— Problem to work on —
What you return must match the listing below word for word.

— Data shown —
Start of Block

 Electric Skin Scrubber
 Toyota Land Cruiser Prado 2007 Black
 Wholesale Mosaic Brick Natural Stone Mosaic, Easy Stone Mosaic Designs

End of Block

— Task solution —
 Electric Skin Scrubber
 Toyota Land Cruiser Prado 2007 Black
 Wholesale Mosaic Brick Natural Stone Mosaic, Easy Stone Mosaic Designs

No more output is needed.